The learned trial magistrate also grossly misdirected himself when he found that one, the vehicle had been damaged beyond repair attributing that finding to the evidence of PW1 and PW9 at page J5 of judgment which is incorrect as they never said so in their evidence; and two when the court required the Appellant to call the garage owner who repaired the salvage to prove that he had repaired it, as that was tantamount to asking the Appellant to prove his innocence, a burden the Appellant was not expected in law to carry.

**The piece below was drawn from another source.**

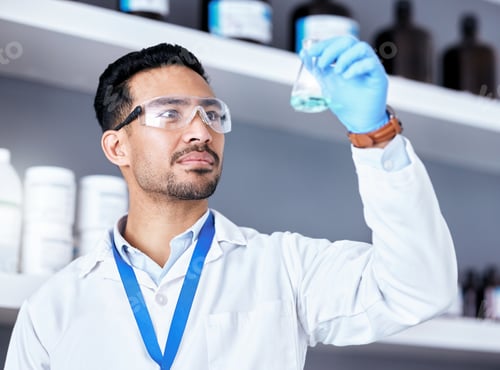 Preview: Scientist, blue chemical in beaker and man in laboratory, medical research and science experiment w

Finally, I find that both charges against the Appellant were not supported in evidence. The main charge was not supported in evidence since the prosecution failed to adduce any evidence to show that the Appellant conspired with anyone to effect an unlawful purpose of theft of the motor vehicle. In any event, as the learned trial magistrate correctly found, there was no evidence that any vehicle was stolen at all whether the salvage Paul released to insurance or the vehicle found with the Appellant. In any case, the vehicle was not produced in court as an exhibit.

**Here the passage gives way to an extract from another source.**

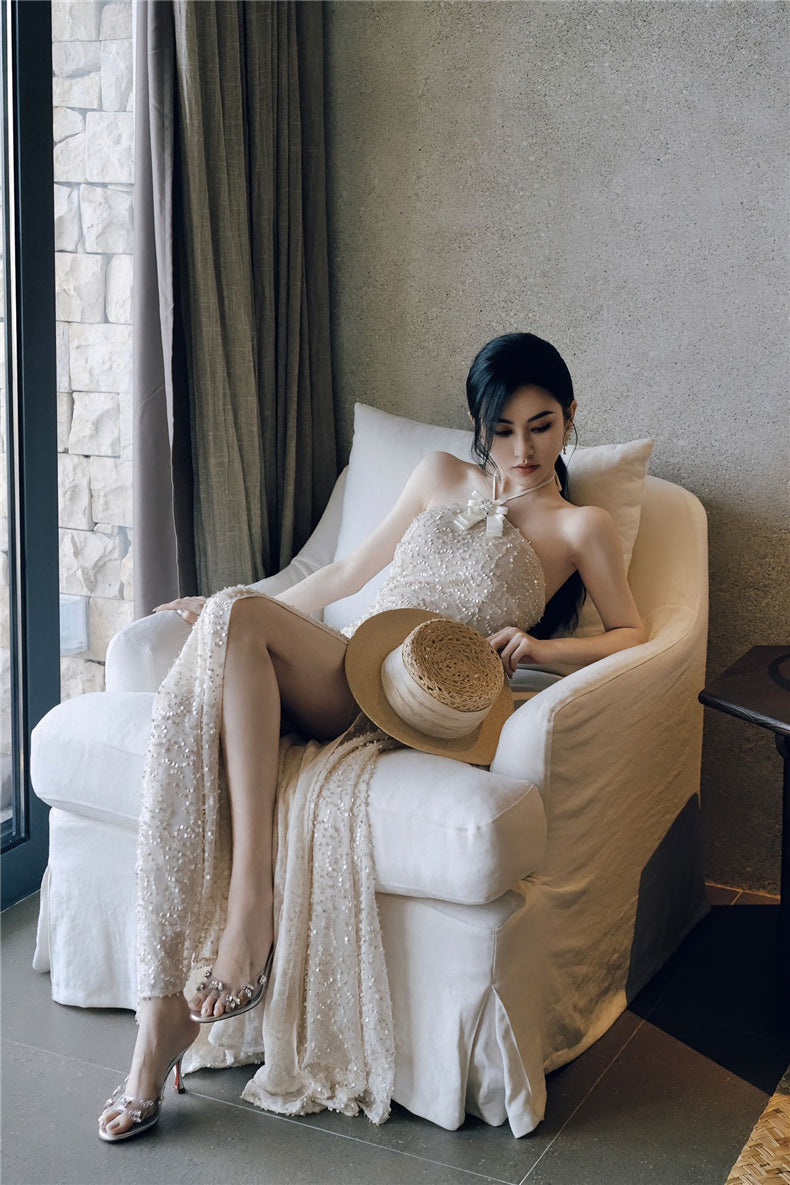 Wardrobes by Chen Luxury French Embroidered Butterfly Halter neck slick Dress- Kara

As regards the HANDLING CHARGE, as learned State Counsel observed, the manner of the alleged handling was not specified. Most importantly the vehicle allegedly stolen was not specified in the charge which was fatal to the charge. Vehicles have identification marks. If the registration mark of the vehicle handled was not specified in the charge, the Appellant was prejudiced as he could not tell what vehicle he was alleged to have handled and that failure to identity it was fatally defective to the charge. Finally and more important there was no evidence of a stolen vehicle. There can be no handling without stealing. The Appellant was charged of handling a vehicle, the court found was not proved to have been stolen. Upon finding that the vehicle had not been stolen, the learned trial magistrate ought to have acquitted the Appellant of all charges. The learned trial magistrate grossly misdirected himself when he found the handling charge proved therefore falling into error. The conviction had no basis whatsoever, was not supported on evidence and evidence adduced by the prosecution was based on hearsay evidence, information recovered from persons whose identity was never disclosed and was based purely on suspicion. Suspicion however strong cannot be sufficient to sustain any charge.
I find merit in the appeal, quash the conviction and set aside the sentence. The Appellant’s vehicle which police did not produce before court, but kept it in the Police station, since its detention on 23rd March 2002, should be restituted to the Appellant forthwith. These are the orders of the court.
Dated at Nairobi this 22nd day of November 2006.